Hinz isn’t the greatest pure writer in the world, but he is engaging, and while occasionally his prose becomes a bit pretentious, it’s usually when he’s writing about some of the more philosophical ideas in the book and not constantly – when he’s describing action and violence, he keeps the prose bare bones, which gives it an immediacy and power. He links the violence with sex, too, which is not a new idea but takes on an odd shading in these books once we know more about the Paratwa and how they operate. His characters are vivid, and he does a pretty decent job with the world of the 24th century – there are some anachronisms, obviously, in the technology, but not really in the way people act. Hinz identifies Nick as a “midget,” true, but he casually mentions all kinds of sexual and cultural identities without judgment, which is not as common as you might think, especially from science fiction writers of the 20th century. The mélange of humanity that one finds in these books reminds me a bit of Blade Runner, although Hinz, naturally, can bring in even more cultures because he doesn’t have to worry about a budget. Despite some of the tech anachronisms, the book doesn’t feel too dated as many older science fiction books do (I realize that the ones I’m thinking of are from the 1950s to 1970s, so there’s more time for them to feel dated, but still), and Hinz’s clever structuring means that whenever there’s some heavy stuff, we can be sure someone will get killed soon enough to break up the deeper musings. It’s not a unique way to structure a book, but it’s still a good one.
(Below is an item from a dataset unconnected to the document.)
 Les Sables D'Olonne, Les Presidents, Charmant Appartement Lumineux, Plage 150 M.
The books aren’t hard to find (I linked to the first one below; remember, if you use that link to buy anything, not just the book, we get a small piece of it!), and they seem pretty cheap, unless, I suppose, you want to find first-print hardcovers. I’m astonished, frankly, that no one has made a trilogy of movies out of these books. They are good lengths for movies, they have several strong characters, a good overall plot, lots of action, and they probably wouldn’t require too much expensive effects. The Colonies look just like Earth cities, they’re just inside long cylindrical objects, and the “sky effects” would be all that you’d need, as most scenes could be filmed on actual sets in actual locations rather than all in front of green screens. There are plenty of violent fights and just enough philosophy and political maneuverings to satisfy a lot of different kinds of movie watchers. I don’t know if it’s just that they’re too obscure these days, but that shouldn’t stop someone from optioning them! Alas, it will probably never happen, but you can still read the books! If you like science fiction, these are great books, and if you don’t like science fiction, there’s enough of other stuff to keep you entertained. It’s a win for everyone!

4 Comments

  1. tomfitz1

    You should check out THE EXPANSE for your Sci-Fi fix. Book or Tv series.
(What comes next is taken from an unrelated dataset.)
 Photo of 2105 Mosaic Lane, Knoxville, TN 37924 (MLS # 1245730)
    It’s pretty engaging. One of the blurbs describes it as The Expanse does for Sci-Fi, what GOT does for Fantasy.

    Amazon just picked it up for Season 4 after Sy-Fy cancelled it.

    As for the book series, there’s supposed to be 9 books, with the seventh just out.

    1. Greg Burgas

      Tom: Yeah, we watch The Expanse. We were bummed that it got canceled, and then happy that it got picked up! I haven’t read the books, though. I’ll have to eventually!

  2. metrictensor

    Greg, Hinz released a new novel in the Paratwa universe, Binary Storm, in 2016. While not quite as wildly inventive and frenetic as the original trilogy, it’s a credible addition. It’s a prequel, the tale of Nick in the pre-apocalyptic era.

    I agree these would make grand movies–as would several of Iain Banks’s Culture novels.

    1. Greg Burgas

      Thanks for the information! I saw that there was one book about Nick, but I didn’t realize it was a trilogy. I’ll have to track it down!